__Action item__
Could you restate the data below word for word, without its pictures?

__Supplied information__
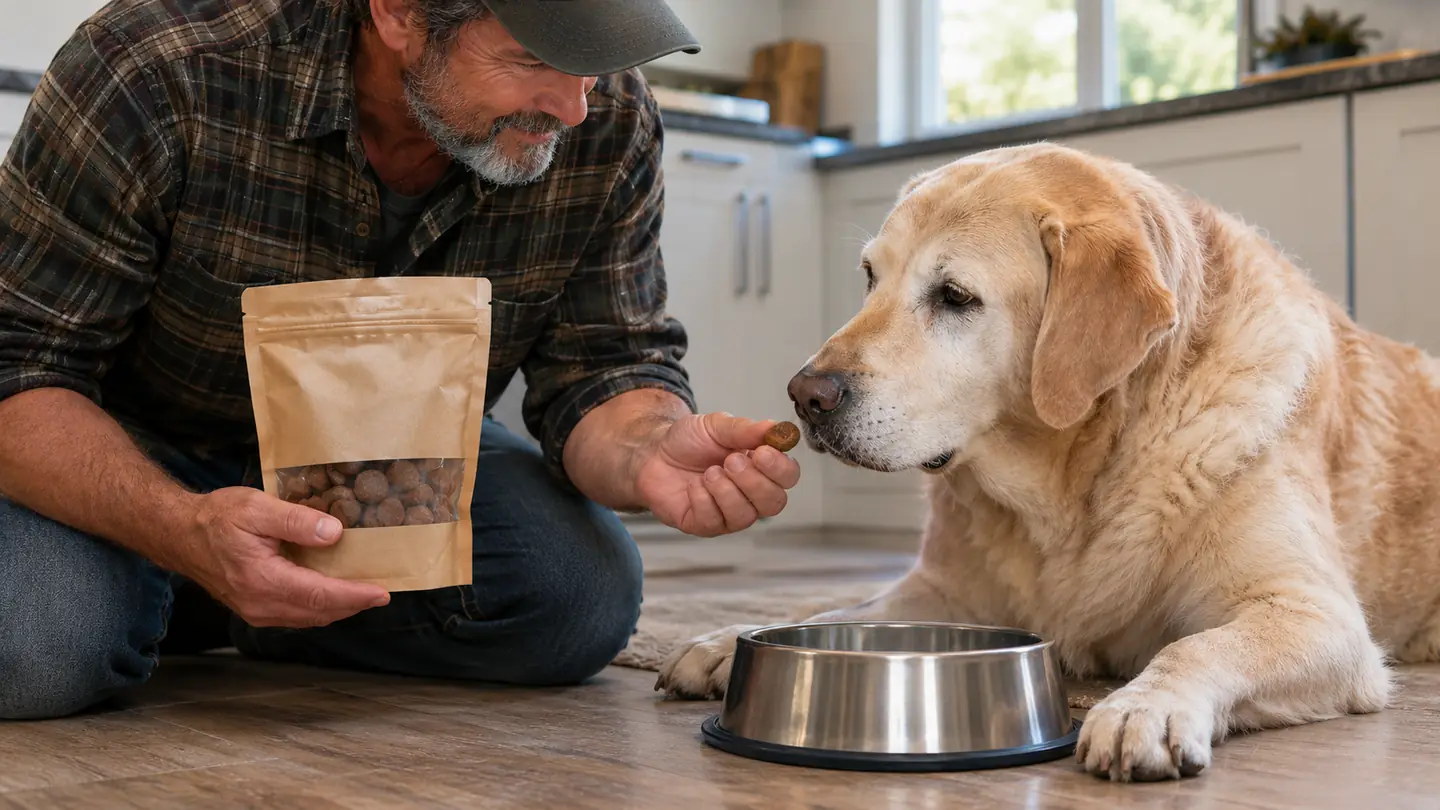 A hand offering a soft chew to a large dog beside a stainless steel bowl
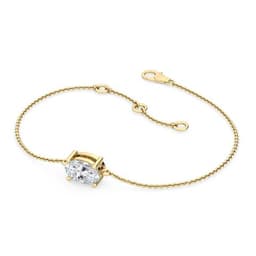 14K Yellow Gold Lab Grown Diamond BRACELET 0.87 ctw SJBR20055OV-0.75CT-7IN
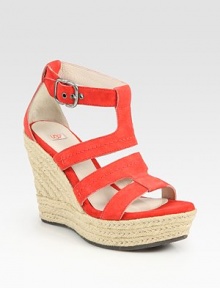 Espadrille wedge topped with buttery suede straps makes for a timeless addition to your bright and breezy sundresses. Braided hemp wedge, 5 (125mm)Braided hemp platform, 1½ (40mm) Compares to a 3½ heel (90mm)Suede upperAdjustable ankle strapLeather liningRubber solePadded insoleImported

__Result of this exercise__
 A hand offering a soft chew to a large dog beside a stainless steel bowl
 14K Yellow Gold Lab Grown Diamond BRACELET 0.87 ctw SJBR20055OV-0.75CT-7IN
 Espadrille wedge topped with buttery suede straps makes for a timeless addition to your bright and breezy sundresses. Braided hemp wedge, 5 (125mm)Braided hemp platform, 1½ (40mm) Compares to a 3½ heel (90mm)Suede upperAdjustable ankle strapLeather liningRubber solePadded insoleImported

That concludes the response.